====== Study material
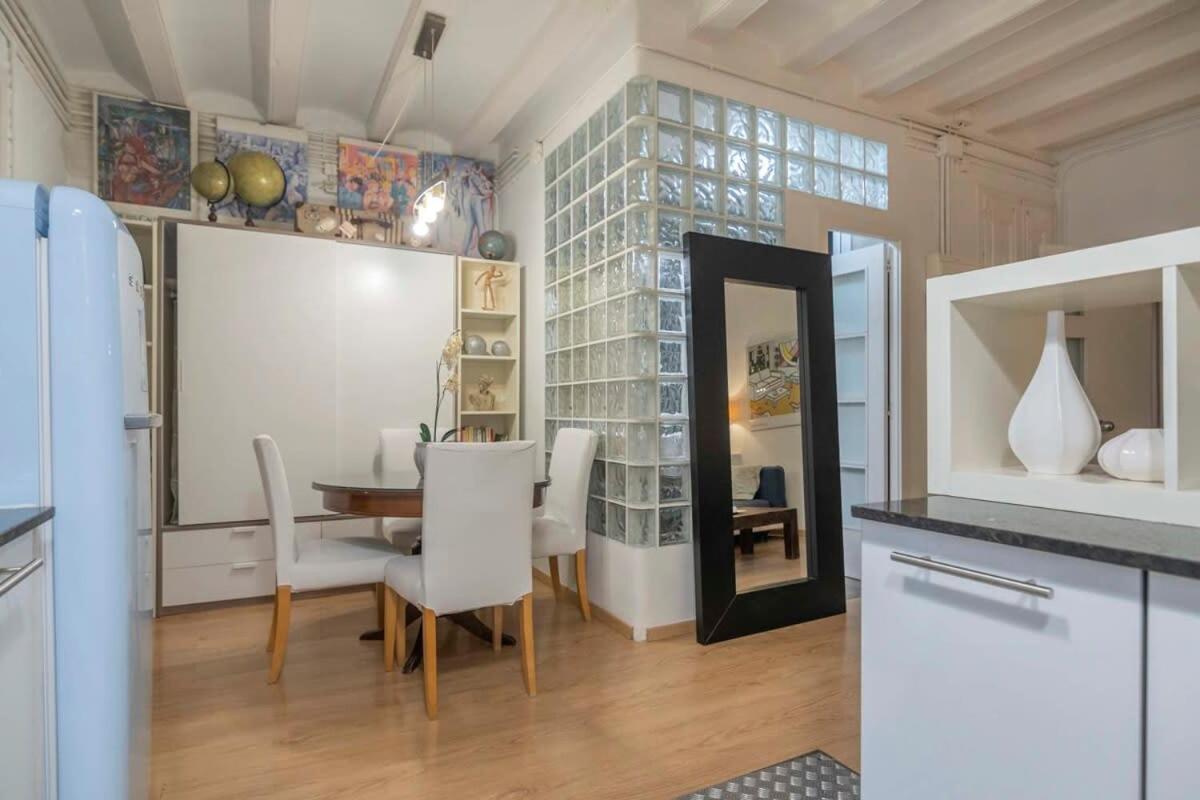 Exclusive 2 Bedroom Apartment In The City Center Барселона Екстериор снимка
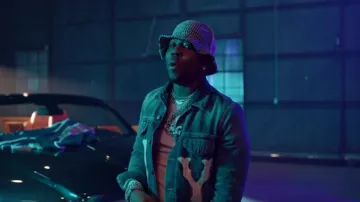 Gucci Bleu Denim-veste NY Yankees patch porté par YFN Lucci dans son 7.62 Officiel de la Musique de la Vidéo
============
====== Study material
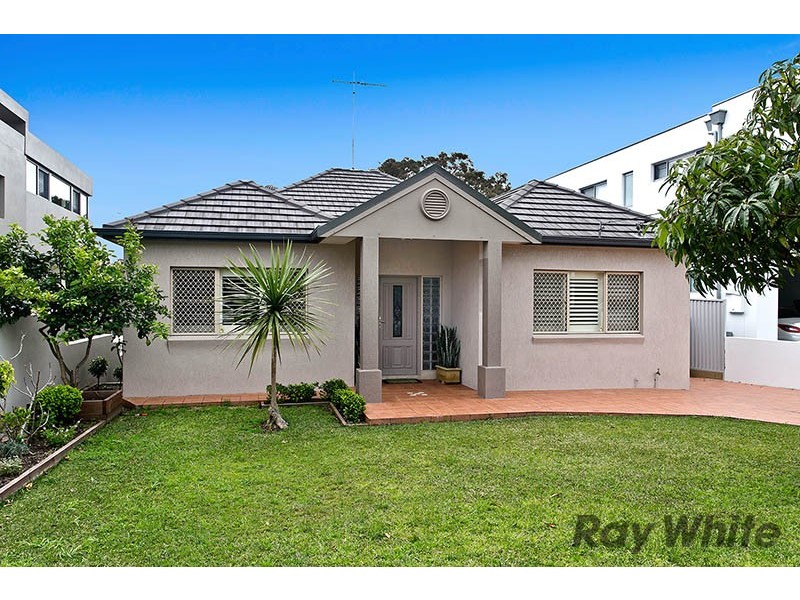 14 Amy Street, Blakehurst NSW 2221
============
Exercise prompt: Beginning with the line that contains "Exclusive 2 Bedroom", write out the lines of the material above exactly, and end with the line that contains "Gucci Bleu Denim-veste". Omit the pictures.

Exercise output:
 Exclusive 2 Bedroom Apartment In The City Center Барселона Екстериор снимка
 Gucci Bleu Denim-veste NY Yankees patch porté par YFN Lucci dans son 7.62 Officiel de la Musique de la Vidéo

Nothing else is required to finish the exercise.